_Data extracted from a collection:_
______
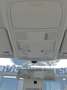 Volkswagen Golf Plus Rabbit - DSG - PENSIONISTEN FAHRZEUG - PICKERL ... Grau - thumbnail 38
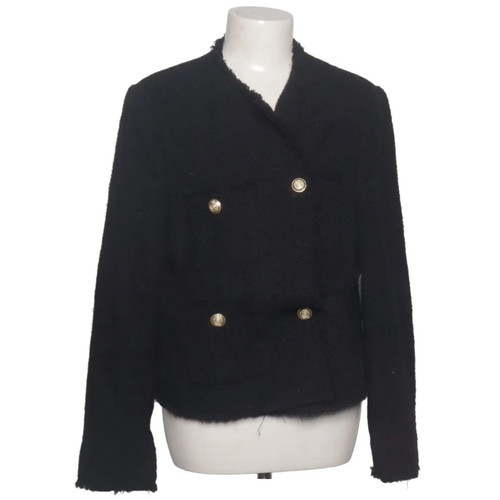 Mango blazer damen - mango,, blazer,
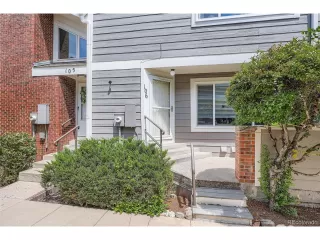 Photo #2: 2393365 Listing 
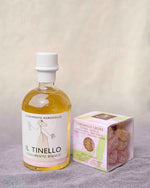 Load image into Gallery viewer, Assorted fruit jellies - 150 gr.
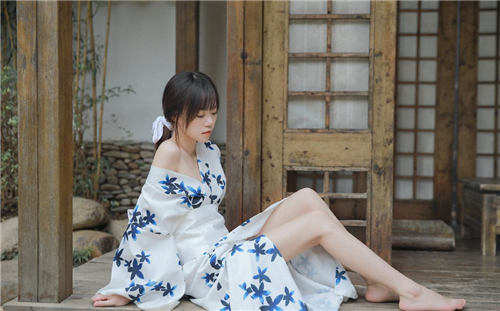 香蕉视频无限观看免费版app：一款全程免费的美女视频app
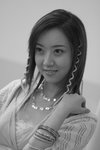 CRW_5000
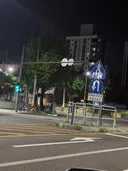 출장 나갔다가 이제 골짝 복귀하네요.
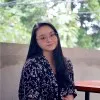 Amanda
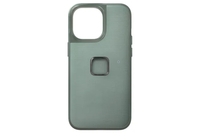 Peak Design Mobile Everyday Case iPhone 14 Pro Max Sage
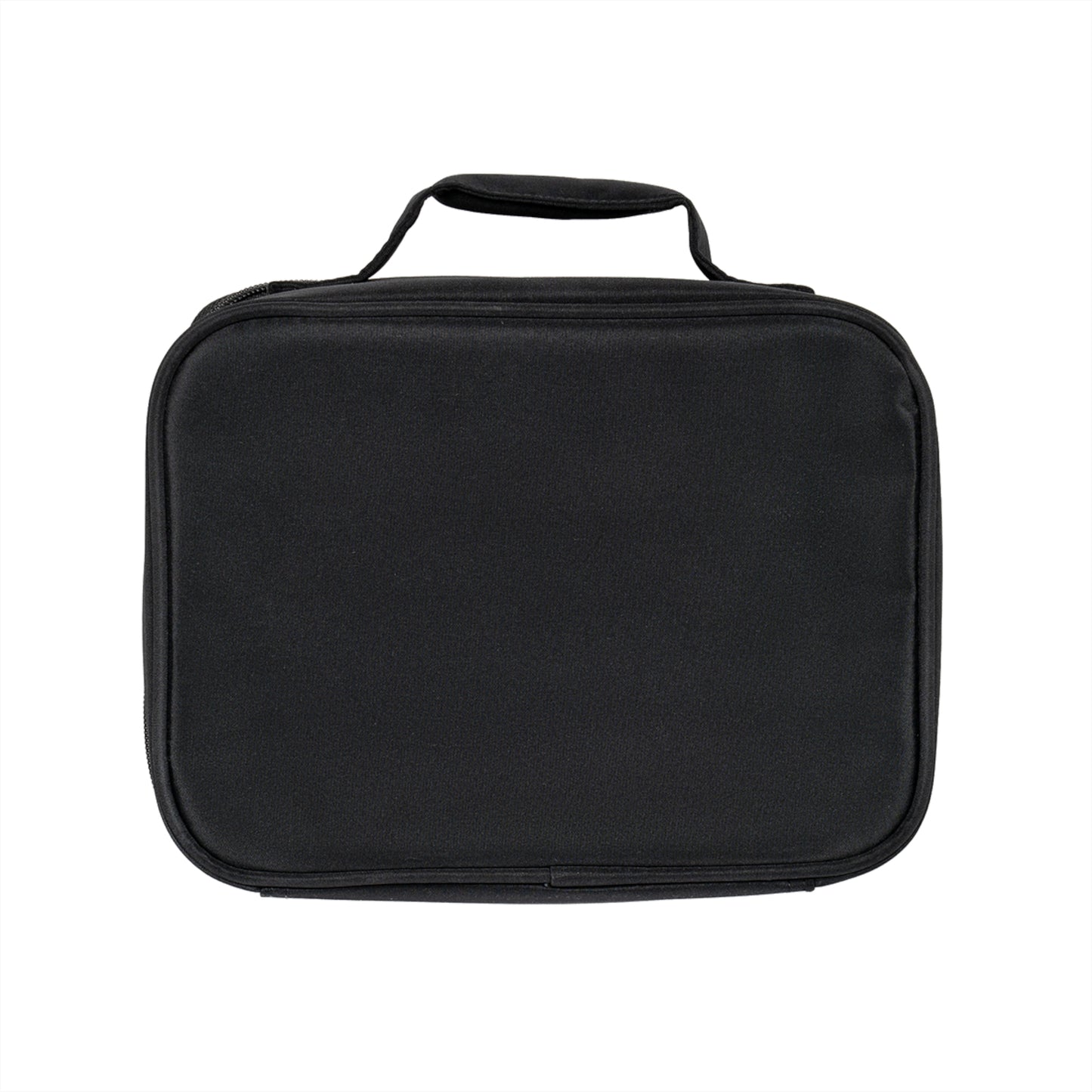 Birds of Prey Lunch Box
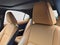 2024 Lexus IS 300 RWD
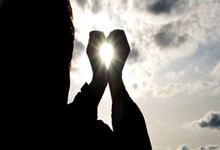 埃及队轻松晋级世界杯，实力显现突现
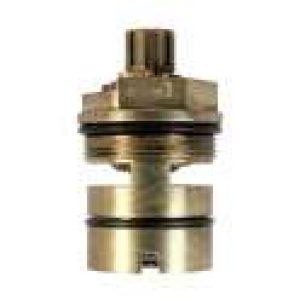 Tête céramique – M 25 x 100 – Ideal Standard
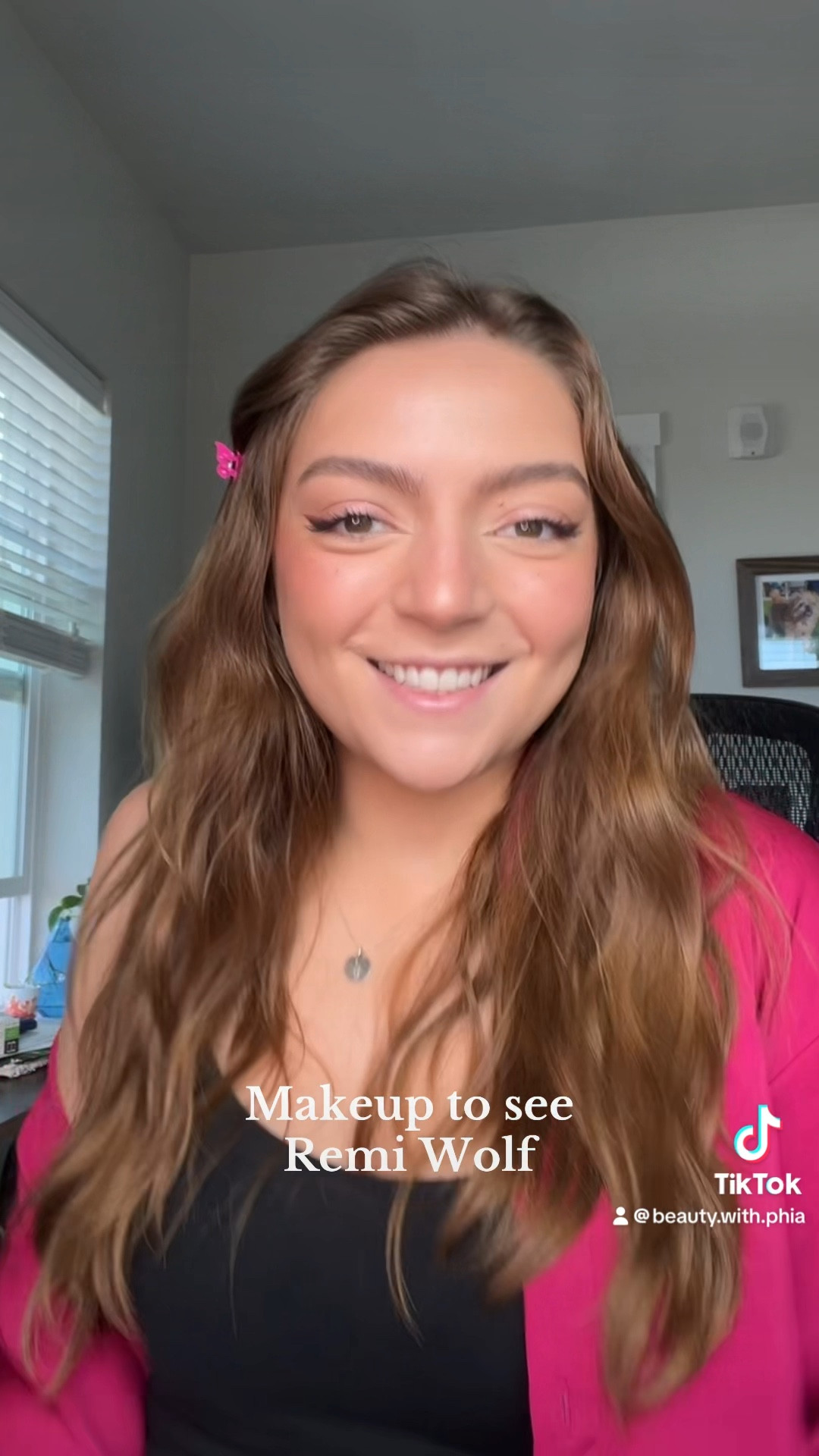 #LTKFindsUnder50 #LTKVideo #LTKBeauty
______
_What to do:_ Return the entries verbatim, pictures excluded.

_Your response:_
 Volkswagen Golf Plus Rabbit - DSG - PENSIONISTEN FAHRZEUG - PICKERL ... Grau - thumbnail 38
 Mango blazer damen - mango,, blazer,
 Photo #2: 2393365 Listing 
 Load image into Gallery viewer, Assorted fruit jellies - 150 gr.
 香蕉视频无限观看免费版app：一款全程免费的美女视频app
 CRW_5000
 출장 나갔다가 이제 골짝 복귀하네요.
 Amanda
 Peak Design Mobile Everyday Case iPhone 14 Pro Max Sage
 Birds of Prey Lunch Box
 2024 Lexus IS 300 RWD
 埃及队轻松晋级世界杯，实力显现突现
 Tête céramique – M 25 x 100 – Ideal Standard
 #LTKFindsUnder50 #LTKVideo #LTKBeauty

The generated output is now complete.